Polkadot JAM Slides - Token2049 - By Dr. Gavin Wood
Polkadot JAM Slides - Token2049 - By Dr. Gavin WoodPolkadot JAM Slides - Token2049 - By Dr. Gavin Wood
Polkadot JAM Slides - Token2049 - By Dr. Gavin Wood
 
Artificial Intelligence Chap.5 : Uncertainty
Artificial Intelligence Chap.5 : UncertaintyArtificial Intelligence Chap.5 : Uncertainty
Artificial Intelligence Chap.5 : Uncertainty
 
"I see eyes in my soup": How Delivery Hero implemented the safety system for ...
"I see eyes in my soup": How Delivery Hero implemented the safety system for ..."I see eyes in my soup": How Delivery Hero implemented the safety system for ...
"I see eyes in my soup": How Delivery Hero implemented the safety system for ...
 
Exploring the Future Potential of AI-Enabled Smartphone Processors
Exploring the Future Potential of AI-Enabled Smartphone ProcessorsExploring the Future Potential of AI-Enabled Smartphone Processors
Exploring the Future Potential of AI-Enabled Smartphone Processors
 
Apidays New York 2024 - The Good, the Bad and the Governed by David O'Neill, ...
Apidays New York 2024 - The Good, the Bad and the Governed by David O'Neill, ...Apidays New York 2024 - The Good, the Bad and the Governed by David O'Neill, ...
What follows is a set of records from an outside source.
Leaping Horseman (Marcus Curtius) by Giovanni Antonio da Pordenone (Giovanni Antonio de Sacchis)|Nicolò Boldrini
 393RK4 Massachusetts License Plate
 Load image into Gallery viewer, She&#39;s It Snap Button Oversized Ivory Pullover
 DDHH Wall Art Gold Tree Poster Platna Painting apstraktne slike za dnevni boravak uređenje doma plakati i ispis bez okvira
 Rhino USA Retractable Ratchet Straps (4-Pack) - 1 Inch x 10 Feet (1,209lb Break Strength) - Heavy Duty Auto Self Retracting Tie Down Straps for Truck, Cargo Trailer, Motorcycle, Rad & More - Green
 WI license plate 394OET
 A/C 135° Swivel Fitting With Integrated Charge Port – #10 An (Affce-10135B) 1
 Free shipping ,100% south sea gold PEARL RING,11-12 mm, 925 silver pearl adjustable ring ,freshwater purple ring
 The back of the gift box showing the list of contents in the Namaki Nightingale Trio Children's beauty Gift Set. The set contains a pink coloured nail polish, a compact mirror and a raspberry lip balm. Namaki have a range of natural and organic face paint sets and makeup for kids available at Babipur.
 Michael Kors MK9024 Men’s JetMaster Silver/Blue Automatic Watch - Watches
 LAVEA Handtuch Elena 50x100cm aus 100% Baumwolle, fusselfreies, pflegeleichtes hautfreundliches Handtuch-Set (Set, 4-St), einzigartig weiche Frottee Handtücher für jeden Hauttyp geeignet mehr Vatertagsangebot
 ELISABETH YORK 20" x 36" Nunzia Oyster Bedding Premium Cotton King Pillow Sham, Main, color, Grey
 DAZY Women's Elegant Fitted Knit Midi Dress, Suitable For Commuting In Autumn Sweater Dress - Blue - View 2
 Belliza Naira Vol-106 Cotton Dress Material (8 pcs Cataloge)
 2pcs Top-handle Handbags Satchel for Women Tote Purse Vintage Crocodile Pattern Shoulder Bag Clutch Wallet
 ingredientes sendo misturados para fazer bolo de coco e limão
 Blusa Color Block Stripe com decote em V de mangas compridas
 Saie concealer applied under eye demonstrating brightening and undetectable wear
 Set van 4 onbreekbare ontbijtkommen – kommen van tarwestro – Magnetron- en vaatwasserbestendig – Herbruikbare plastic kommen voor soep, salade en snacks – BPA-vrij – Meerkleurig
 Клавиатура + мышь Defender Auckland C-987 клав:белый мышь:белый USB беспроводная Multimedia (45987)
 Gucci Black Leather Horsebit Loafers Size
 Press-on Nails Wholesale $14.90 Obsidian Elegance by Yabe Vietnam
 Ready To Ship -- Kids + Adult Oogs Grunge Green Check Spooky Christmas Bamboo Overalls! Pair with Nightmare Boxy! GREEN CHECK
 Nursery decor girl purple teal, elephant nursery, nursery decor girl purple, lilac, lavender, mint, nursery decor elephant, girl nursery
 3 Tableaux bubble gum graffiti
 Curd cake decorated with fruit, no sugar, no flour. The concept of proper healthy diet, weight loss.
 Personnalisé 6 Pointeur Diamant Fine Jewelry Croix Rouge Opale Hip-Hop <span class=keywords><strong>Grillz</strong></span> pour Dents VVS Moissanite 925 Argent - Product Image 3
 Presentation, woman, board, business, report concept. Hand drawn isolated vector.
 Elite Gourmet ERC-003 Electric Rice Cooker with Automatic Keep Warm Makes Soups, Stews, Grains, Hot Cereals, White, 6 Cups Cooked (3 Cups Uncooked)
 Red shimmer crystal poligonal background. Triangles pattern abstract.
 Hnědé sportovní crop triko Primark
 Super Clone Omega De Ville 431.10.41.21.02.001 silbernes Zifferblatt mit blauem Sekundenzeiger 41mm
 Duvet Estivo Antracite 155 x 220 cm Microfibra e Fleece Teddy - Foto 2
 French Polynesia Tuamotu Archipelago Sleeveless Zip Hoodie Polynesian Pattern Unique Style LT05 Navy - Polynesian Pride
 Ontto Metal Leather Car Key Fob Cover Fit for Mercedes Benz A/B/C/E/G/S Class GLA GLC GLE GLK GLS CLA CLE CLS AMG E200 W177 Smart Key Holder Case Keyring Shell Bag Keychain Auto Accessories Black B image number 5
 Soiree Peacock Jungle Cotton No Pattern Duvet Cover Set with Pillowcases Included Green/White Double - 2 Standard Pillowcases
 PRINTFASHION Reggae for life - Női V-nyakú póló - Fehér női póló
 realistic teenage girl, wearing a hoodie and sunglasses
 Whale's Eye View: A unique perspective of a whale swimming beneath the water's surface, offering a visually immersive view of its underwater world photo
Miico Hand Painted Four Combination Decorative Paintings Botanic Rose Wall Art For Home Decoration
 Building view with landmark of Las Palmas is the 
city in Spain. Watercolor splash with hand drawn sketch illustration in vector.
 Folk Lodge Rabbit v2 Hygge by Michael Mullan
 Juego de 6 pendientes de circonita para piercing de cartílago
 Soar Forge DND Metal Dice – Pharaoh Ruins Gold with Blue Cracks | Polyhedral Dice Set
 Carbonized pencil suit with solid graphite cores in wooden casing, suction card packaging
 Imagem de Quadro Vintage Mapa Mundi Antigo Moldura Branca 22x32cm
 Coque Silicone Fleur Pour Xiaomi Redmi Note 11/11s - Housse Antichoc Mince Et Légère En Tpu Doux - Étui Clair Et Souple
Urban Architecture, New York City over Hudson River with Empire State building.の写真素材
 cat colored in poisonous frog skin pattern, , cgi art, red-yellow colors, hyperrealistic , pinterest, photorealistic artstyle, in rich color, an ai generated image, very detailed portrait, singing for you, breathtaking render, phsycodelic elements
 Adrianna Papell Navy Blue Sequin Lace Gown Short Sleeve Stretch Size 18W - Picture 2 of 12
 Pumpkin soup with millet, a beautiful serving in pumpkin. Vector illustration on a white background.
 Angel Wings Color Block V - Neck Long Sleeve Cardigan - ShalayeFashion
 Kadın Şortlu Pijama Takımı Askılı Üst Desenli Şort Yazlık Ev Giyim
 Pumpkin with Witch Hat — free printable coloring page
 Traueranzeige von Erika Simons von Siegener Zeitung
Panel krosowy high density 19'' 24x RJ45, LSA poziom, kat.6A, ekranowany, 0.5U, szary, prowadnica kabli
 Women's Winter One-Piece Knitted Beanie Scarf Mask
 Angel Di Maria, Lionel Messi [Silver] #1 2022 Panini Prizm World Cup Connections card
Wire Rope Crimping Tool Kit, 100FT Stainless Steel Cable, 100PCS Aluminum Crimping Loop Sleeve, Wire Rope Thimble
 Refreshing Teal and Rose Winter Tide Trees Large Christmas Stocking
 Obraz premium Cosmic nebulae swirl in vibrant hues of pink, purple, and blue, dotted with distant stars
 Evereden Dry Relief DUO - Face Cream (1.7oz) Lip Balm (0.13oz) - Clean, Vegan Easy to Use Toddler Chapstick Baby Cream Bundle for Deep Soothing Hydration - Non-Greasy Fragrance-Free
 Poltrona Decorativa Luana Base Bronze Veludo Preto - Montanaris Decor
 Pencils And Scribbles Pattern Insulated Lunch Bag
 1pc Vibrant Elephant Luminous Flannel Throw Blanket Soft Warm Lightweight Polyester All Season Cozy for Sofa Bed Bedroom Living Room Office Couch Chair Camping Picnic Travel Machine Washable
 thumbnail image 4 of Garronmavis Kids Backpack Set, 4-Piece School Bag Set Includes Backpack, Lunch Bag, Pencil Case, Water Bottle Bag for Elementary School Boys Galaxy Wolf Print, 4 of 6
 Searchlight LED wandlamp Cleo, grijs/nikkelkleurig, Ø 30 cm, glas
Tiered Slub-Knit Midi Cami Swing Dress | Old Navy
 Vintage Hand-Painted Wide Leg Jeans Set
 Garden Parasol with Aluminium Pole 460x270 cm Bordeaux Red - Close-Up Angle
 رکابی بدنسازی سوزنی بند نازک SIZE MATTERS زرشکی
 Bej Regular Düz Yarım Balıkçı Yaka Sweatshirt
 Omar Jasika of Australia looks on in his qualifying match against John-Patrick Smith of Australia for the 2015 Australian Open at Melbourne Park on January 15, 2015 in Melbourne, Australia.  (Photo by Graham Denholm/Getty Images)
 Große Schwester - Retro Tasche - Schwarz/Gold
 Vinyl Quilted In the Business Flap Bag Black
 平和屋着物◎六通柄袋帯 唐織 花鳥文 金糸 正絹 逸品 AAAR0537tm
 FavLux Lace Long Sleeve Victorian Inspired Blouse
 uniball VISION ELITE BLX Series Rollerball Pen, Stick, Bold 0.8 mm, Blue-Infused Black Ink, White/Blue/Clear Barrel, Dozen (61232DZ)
Apidays New York 2024 - The Good, the Bad and the Governed by David O'Neill, ...
 
presentation ICT roal in 21st century education
presentation ICT roal in 21st century educationpresentation ICT roal in 21st century education
presentation ICT roal in 21st century education
 
DBX First Quarter 2024 Investor Presentation
DBX First Quarter 2024 Investor PresentationDBX First Quarter 2024 Investor Presentation
DBX First Quarter 2024 Investor Presentation
 
MS Copilot expands with MS Graph connectors
MS Copilot expands with MS Graph connectorsMS Copilot expands with MS Graph connectors
MS Copilot expands with MS Graph connectors
 
Mastering MySQL Database Architecture: Deep Dive into MySQL Shell and MySQL R...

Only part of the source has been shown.